Along with semi-structured content, TalismanDocument could be linked to knowledge base (via facts). Facts represent concepts (some KB item), relations and concept and relation properties.

There are several fact types to represent almost any possible extracted knowledge in graph-like structure.

Each fact has unique identifier and status. Possible statuses are:

  • approved – fact is already approved to be correct and already stored in KB;
  • declined – fact is already rejected (incorrect fact);
  • auto – fact is marked to be approved automatically (correct fact not stored in KB yet);
  • hidden – fact is neither approved nor declined, but is not relevant for downstream task;
  • new – fact is neither approved nor declined.

Fact classes are placed in tdm.datamodel.facts package

Concept facts

Concept facts bind document to some KB object. Along with identifier and status these facts contain additional required fields: type_id and value. type_id is a KB concept type identifier that restricts possible contept relations and properties. value is a single KB concept identifier (with confidence) or a tuple of such identifiers (with its confidences). If concept fact is approved, it should contain the only value with approved concept identifier. If concept fact is new, it should contain tuple of values (maybe empty)

from tdm.datamodel.facts import ConceptFact, KBConceptValue, FactStatus

# not approved person fact with two hypothetical values
cpt = ConceptFact(FactStatus.NEW, "PERSON", (KBConceptValue("Alice", 0.8), KBConceptValue("Bob", 0.1)))
assert cpt.value == (KBConceptValue("Alice", 0.8), KBConceptValue("Bob", 0.1))

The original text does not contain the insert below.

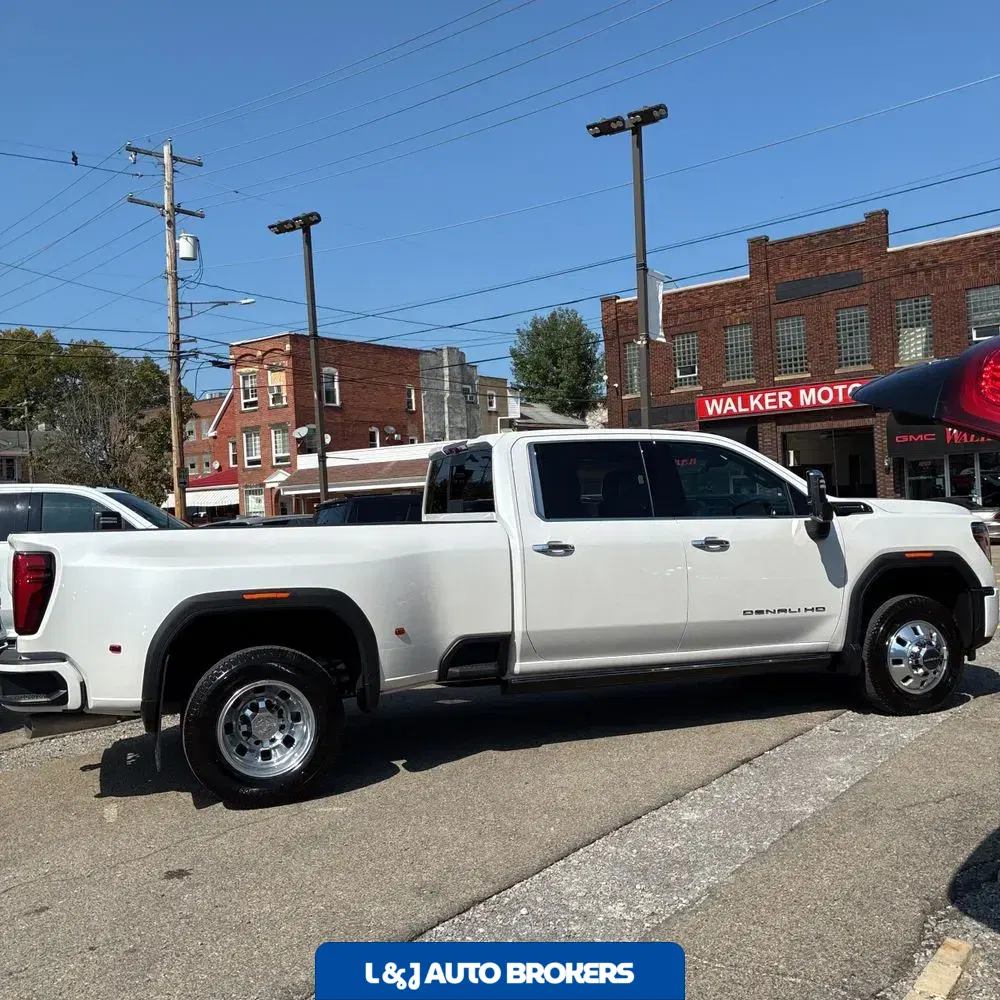 2025 GMC Sierra 3500HD Denali Ultimate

# approved fact with single value
cpt = ConceptFact(FactStatus.APPROVED, "PERSON", KBConceptValue("Alice"), id='1')  # if no confidence, 1.0 is assumed
cpt2 = ConceptFact(FactStatus.APPROVED, "PERSON", (KBConceptValue("Alice"),), id='1')  # single element tuple is replaced with element
assert cpt == cpt2

try:
    _ = ConceptFact(FactStatus.APPROVED, "PERSON", (KBConceptValue("Alice", 0.8), KBConceptValue("Bob", 0.1)))
except ValueError:
    pass  # approved facts should contain single value

Atomic value facts

Atomic value facts (as opposite to composite) represent simple (scalar) values for properties. As well as concept facts they contain type_id and value. type_id is a KB value type identifier that restricts possible values. value is a single normalized property value (with confidence) or a tuple of such values (with confidences). The same status restrictions are applicable for atomic value facts.

There are several the most basic scalar types supported by TDM (placed in tdm.datamodel.values): StringValue, IntValue, DoubleValue, TimestampValue, DateTimeValue, GeoPointValue, LinkValue. Other values could be built as composite values.

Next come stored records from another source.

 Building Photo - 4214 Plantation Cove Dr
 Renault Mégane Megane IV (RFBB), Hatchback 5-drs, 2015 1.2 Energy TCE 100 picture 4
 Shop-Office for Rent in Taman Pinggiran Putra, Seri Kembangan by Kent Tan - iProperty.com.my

from dataclasses import replace

from tdm.datamodel.facts import AtomValueFact, FactStatus
from tdm.datamodel.values import Coordinates, Date, DateTimeValue, GeoPointValue, IntValue

# not approved fact with two hypothetical values
value = AtomValueFact(FactStatus.NEW, "AGE", (IntValue(24, 0.8), IntValue(25, 0.4)))
assert value.value == (IntValue(24, 0.8), IntValue(25, 0.4))

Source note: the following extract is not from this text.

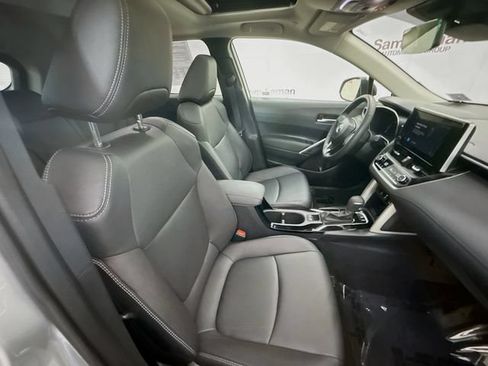 Used 2025 Toyota Corolla Cross XLE w/ Convenience Package FWD image 28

# value fact could contain different possible scalar values. Validation is possible with defined domain (described below)
value = AtomValueFact(FactStatus.NEW, "DATE", (DateTimeValue(Date(1999, 1, 2)), GeoPointValue(Coordinates(0, 0))))

try:
    _ = replace(value, status=FactStatus.APPROVED)
except ValueError:
    pass  # approved value couldn't contain more than one value

Value mentions

Each atomic value fact could be associated with part of the document content via MentionFact. Mention facts contains two required fields: mention – node mention (whole node or part of the node) and value – atomic value fact.

from tdm.datamodel.facts import AtomValueFact, FactStatus, MentionFact
from tdm.datamodel.mentions import NodeMention, TextNodeMention
from tdm.datamodel.nodes import ImageNode, TextNode
from tdm.datamodel.values import StringValue

text = TextNode("some text")
image = ImageNode("/path/to/image.png")

value = AtomValueFact(FactStatus.NEW, "STR", (StringValue("some"),))

# Associate value fact with part of text node
text_mention_fact = MentionFact(FactStatus.NEW, TextNodeMention(text, 0, 4), value)

# Associate the same value fact with whole image node
image_mention = MentionFact(FactStatus.NEW, NodeMention(image), value)

Composite value facts

In case property value can't be represented as an atomic value, composite values could be used.

Composite value is a set of named atomic values. In TDM composite values are represented as a CompositeValueFact with set of SlotFacts that binds AtomValueFact to CompositeValueFact. Name of each atomic value (as part of composite value) is stored in slot's type_id field.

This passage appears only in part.